When you reach the line that contains "thumbnail image 1" in the data below, start reproducing lines exactly, and stop after the line that contains "Professional Manufacturer Free".

(Scraped caption text data)

══════

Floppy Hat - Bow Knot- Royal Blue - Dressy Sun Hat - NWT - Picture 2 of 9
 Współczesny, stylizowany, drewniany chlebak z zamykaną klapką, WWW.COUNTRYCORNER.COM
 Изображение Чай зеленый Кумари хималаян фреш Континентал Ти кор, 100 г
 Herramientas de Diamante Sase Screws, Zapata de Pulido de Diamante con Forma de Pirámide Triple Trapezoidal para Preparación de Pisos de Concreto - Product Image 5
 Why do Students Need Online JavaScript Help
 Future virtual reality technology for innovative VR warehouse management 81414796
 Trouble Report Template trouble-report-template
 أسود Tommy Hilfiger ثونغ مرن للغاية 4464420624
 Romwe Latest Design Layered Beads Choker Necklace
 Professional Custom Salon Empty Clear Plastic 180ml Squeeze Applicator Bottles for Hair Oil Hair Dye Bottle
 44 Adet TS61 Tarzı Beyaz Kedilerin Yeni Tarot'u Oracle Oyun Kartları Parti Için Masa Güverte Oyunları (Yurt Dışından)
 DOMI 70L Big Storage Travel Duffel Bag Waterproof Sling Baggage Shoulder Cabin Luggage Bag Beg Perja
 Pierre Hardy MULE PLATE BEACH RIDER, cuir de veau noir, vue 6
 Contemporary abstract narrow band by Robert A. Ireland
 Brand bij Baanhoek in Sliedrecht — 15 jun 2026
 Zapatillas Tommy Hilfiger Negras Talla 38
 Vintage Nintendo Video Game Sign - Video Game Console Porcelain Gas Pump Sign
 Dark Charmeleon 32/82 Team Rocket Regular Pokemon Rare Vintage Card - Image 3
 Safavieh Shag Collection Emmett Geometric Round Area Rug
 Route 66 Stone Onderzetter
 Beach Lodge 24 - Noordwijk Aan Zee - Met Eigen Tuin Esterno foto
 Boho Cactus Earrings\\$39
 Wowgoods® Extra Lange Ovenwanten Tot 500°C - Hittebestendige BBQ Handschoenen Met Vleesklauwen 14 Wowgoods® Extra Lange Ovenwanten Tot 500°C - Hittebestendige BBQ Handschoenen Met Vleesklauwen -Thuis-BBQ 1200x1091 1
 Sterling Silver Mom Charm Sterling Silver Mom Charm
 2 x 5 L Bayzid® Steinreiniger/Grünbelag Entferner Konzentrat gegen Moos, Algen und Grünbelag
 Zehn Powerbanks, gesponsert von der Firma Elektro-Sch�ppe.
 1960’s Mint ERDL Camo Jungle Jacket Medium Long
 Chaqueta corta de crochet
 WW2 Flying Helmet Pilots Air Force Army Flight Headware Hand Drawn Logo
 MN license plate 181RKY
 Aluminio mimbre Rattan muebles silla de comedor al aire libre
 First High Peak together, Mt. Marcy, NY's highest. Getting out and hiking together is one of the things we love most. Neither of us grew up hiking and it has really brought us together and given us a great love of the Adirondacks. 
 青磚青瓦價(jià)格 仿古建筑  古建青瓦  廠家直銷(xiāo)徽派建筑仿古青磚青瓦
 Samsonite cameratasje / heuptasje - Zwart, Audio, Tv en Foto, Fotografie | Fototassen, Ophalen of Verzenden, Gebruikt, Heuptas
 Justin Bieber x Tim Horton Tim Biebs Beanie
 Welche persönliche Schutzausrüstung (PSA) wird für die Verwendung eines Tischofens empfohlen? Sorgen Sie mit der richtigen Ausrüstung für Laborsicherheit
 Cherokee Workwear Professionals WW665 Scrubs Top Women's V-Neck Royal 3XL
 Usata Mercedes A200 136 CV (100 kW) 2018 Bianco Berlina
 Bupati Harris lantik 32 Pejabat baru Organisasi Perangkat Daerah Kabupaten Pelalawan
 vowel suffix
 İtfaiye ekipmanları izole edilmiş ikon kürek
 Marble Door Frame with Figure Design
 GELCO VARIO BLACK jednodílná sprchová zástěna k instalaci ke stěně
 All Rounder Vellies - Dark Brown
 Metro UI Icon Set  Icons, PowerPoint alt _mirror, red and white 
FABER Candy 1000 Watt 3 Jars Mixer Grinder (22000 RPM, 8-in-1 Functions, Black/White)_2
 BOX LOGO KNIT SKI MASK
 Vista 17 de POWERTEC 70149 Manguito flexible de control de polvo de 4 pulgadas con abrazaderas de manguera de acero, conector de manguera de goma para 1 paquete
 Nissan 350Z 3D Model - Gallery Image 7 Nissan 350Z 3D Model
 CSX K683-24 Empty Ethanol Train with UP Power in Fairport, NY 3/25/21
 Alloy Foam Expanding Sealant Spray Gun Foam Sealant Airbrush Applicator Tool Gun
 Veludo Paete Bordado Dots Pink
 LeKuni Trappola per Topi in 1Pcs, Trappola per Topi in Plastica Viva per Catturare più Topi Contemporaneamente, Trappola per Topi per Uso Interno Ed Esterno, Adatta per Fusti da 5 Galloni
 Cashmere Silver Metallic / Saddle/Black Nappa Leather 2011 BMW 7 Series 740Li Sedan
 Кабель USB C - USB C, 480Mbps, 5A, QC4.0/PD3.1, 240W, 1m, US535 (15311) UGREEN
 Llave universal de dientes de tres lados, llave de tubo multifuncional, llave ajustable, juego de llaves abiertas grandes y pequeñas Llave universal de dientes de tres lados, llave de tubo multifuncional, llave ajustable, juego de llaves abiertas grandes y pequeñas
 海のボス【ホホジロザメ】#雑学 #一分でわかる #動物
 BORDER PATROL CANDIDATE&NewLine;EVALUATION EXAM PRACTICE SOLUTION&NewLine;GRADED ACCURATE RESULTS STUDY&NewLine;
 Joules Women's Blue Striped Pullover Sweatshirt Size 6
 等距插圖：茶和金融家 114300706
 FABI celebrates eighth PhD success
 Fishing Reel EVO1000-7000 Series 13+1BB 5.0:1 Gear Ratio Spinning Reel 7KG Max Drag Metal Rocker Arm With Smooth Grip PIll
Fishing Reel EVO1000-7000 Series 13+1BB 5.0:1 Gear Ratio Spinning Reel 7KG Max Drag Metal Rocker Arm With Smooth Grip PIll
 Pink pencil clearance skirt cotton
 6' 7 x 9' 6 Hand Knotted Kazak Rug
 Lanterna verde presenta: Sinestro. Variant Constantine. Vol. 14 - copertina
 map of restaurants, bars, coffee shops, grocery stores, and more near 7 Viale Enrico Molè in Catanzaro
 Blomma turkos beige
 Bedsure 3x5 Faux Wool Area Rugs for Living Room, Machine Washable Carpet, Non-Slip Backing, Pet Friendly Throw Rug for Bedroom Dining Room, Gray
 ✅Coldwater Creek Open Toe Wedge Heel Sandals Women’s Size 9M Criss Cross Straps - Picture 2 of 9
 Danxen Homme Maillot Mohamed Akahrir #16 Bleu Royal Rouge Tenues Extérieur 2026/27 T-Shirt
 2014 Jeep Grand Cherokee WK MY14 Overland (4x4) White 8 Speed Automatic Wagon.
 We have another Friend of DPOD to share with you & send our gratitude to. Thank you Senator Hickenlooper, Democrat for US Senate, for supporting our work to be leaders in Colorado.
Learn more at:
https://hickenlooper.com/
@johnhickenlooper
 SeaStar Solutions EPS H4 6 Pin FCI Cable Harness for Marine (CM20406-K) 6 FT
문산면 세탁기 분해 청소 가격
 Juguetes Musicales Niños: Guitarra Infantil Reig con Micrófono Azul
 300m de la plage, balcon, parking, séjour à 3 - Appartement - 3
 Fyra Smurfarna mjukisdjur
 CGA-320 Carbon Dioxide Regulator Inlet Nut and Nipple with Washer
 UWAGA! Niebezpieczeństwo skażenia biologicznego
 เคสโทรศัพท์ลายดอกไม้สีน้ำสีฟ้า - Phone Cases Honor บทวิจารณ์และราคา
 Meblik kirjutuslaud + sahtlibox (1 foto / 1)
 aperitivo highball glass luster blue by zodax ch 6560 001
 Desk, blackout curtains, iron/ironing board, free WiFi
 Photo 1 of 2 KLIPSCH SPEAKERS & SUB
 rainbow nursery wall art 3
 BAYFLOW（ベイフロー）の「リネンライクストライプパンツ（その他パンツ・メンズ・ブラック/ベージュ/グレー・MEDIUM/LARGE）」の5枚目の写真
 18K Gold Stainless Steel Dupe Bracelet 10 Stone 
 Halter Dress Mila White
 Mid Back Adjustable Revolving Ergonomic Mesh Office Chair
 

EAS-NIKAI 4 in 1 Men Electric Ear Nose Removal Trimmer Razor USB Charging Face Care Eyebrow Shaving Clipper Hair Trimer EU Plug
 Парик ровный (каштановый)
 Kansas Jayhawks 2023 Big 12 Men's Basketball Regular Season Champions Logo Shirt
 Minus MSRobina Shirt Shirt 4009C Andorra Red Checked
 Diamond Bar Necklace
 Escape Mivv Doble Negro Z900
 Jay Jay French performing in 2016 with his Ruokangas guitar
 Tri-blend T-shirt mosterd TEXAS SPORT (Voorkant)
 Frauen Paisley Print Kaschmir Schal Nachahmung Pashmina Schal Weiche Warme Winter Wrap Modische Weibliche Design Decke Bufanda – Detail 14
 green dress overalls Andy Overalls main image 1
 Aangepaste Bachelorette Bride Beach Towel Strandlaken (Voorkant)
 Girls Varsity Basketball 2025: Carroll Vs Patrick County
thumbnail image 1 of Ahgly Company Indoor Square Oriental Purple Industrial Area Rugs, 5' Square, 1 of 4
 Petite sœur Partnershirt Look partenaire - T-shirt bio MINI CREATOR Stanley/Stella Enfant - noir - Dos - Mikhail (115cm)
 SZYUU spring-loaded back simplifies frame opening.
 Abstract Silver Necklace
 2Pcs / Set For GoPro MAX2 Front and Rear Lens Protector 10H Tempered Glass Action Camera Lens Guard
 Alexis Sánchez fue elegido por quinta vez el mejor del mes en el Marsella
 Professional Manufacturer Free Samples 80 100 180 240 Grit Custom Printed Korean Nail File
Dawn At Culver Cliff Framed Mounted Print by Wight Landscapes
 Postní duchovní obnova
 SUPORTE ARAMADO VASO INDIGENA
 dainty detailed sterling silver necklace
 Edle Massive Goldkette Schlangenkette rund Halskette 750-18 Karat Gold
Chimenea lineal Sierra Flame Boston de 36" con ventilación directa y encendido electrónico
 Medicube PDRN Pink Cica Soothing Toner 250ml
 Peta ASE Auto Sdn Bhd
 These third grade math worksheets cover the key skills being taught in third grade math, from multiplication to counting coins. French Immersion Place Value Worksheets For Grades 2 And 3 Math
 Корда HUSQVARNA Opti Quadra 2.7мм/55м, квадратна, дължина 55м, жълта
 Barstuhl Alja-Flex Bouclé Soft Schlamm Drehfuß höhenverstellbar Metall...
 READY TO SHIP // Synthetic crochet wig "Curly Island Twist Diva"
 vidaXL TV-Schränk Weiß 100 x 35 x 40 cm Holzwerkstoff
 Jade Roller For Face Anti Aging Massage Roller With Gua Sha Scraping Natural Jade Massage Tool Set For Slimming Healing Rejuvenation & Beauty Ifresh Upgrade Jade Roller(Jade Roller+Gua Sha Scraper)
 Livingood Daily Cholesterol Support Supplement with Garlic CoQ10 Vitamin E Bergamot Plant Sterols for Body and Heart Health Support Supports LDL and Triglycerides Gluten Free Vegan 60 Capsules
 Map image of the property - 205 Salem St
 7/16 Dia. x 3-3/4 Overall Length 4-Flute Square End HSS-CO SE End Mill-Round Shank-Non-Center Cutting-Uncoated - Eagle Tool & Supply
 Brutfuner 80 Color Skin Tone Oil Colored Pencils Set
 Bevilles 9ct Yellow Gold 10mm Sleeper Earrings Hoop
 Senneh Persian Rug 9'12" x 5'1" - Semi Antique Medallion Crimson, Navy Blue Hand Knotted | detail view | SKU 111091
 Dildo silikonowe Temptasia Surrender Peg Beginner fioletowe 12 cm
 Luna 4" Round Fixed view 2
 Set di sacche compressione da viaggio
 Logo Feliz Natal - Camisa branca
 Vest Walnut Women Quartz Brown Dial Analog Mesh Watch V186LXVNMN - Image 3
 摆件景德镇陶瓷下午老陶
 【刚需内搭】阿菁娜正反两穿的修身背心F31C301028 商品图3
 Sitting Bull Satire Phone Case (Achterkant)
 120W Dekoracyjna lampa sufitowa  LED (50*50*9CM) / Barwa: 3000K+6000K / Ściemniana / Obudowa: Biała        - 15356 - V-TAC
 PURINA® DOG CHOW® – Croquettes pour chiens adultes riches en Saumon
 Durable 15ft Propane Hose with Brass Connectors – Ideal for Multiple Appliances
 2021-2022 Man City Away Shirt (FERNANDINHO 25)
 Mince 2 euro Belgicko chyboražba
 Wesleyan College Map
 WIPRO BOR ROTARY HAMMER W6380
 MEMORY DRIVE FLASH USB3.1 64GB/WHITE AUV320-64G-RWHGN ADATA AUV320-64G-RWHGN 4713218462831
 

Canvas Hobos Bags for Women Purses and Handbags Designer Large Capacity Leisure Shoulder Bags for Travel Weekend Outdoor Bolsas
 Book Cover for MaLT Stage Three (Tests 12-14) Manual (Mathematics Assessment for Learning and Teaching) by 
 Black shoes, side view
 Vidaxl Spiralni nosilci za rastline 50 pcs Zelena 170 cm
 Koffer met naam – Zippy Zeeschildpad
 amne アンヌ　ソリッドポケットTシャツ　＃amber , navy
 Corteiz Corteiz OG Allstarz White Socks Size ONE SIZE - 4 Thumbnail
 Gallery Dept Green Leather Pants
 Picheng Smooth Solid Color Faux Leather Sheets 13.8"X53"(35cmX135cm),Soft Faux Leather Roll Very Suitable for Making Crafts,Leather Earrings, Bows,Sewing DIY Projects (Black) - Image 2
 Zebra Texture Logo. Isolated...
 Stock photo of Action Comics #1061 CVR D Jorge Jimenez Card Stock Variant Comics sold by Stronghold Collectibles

══════

▸ RESPONSE
thumbnail image 1 of Ahgly Company Indoor Square Oriental Purple Industrial Area Rugs, 5' Square, 1 of 4
 Petite sœur Partnershirt Look partenaire - T-shirt bio MINI CREATOR Stanley/Stella Enfant - noir - Dos - Mikhail (115cm)
 SZYUU spring-loaded back simplifies frame opening.
 Abstract Silver Necklace
 2Pcs / Set For GoPro MAX2 Front and Rear Lens Protector 10H Tempered Glass Action Camera Lens Guard
 Alexis Sánchez fue elegido por quinta vez el mejor del mes en el Marsella
 Professional Manufacturer Free Samples 80 100 180 240 Grit Custom Printed Korean Nail File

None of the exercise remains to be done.